The Loyalty People
|
July 27, 2026
Insights

AI in Loyalty Signal vs Noise

89% of loyalty vendors claim AI personalisation. Only 34% of brands confirm it in production. A frank assessment of what AI in loyalty is actually delivering in 2025.

  • Anouncement
  • |
  • Anouncement
  • |
  • Anouncement

The Most Over-Claimed Capability in Loyalty Technology

There is perhaps no area of loyalty technology more saturated with vendor hyperbole than artificial intelligence. Every platform presentation includes the words AI-powered personalisation. Every RFP response promises machine learning that will transform member engagement. Every conference keynote features a case study of AI delivering extraordinary results for a brand that is somehow always a reference customer of the presenting vendor.

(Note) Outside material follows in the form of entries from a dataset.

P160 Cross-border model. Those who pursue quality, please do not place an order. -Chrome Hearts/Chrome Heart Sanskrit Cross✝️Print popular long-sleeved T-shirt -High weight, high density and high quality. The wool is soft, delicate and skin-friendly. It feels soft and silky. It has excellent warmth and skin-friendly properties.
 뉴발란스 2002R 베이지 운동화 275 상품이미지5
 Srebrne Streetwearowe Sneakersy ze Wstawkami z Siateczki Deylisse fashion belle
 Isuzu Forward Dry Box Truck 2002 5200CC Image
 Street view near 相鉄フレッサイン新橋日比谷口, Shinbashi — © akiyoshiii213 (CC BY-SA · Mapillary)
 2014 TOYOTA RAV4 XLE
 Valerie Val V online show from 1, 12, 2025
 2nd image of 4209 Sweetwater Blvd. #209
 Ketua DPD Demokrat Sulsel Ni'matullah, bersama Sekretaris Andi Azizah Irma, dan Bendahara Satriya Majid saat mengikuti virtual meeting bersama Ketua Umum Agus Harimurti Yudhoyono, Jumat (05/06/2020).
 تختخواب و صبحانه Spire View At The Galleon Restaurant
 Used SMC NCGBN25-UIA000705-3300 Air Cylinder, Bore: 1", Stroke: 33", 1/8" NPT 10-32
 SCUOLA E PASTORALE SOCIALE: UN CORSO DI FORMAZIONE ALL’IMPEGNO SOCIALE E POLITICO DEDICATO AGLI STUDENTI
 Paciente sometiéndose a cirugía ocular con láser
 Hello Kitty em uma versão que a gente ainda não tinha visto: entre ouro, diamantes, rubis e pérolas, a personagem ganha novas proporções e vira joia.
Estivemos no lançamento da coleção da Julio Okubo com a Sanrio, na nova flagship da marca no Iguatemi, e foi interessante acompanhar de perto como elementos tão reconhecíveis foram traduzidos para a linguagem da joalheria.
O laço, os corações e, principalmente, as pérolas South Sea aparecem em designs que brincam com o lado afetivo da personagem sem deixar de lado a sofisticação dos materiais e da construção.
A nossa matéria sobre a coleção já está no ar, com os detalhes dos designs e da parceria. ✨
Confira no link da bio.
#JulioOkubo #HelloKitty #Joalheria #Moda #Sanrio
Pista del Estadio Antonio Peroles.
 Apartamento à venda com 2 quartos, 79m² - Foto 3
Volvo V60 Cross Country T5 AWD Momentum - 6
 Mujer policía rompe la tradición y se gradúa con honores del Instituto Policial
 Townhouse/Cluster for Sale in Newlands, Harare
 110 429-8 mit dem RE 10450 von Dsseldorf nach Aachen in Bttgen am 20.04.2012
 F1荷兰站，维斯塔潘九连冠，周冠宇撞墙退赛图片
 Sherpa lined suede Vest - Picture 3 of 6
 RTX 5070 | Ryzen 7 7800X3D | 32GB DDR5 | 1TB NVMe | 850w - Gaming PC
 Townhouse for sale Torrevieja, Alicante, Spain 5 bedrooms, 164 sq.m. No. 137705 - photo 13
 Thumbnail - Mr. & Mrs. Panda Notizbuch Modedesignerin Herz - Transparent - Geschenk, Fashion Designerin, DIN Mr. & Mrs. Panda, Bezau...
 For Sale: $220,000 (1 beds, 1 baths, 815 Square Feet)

Underneath all of it, a quieter truth: most brands deploying AI in their loyalty programmes are seeing modest results from a narrow set of use cases, while the genuinely transformative applications remain out of reach for all but the most sophisticated operators. Cutting through the noise requires a clear-eyed view of what AI is actually delivering today and what it will plausibly deliver in the next 24 months.

Three Generations of AI in Loyalty

To understand where AI in loyalty sits on the maturity curve, it helps to distinguish between three generations of application.

The first generation, predictive analytics and propensity modelling, has been in commercial deployment since the early 2010s and is now genuinely mature. Churn prediction, offer propensity, customer lifetime value scoring, segment modelling: these are well-understood applications with established methodologies and proven commercial returns.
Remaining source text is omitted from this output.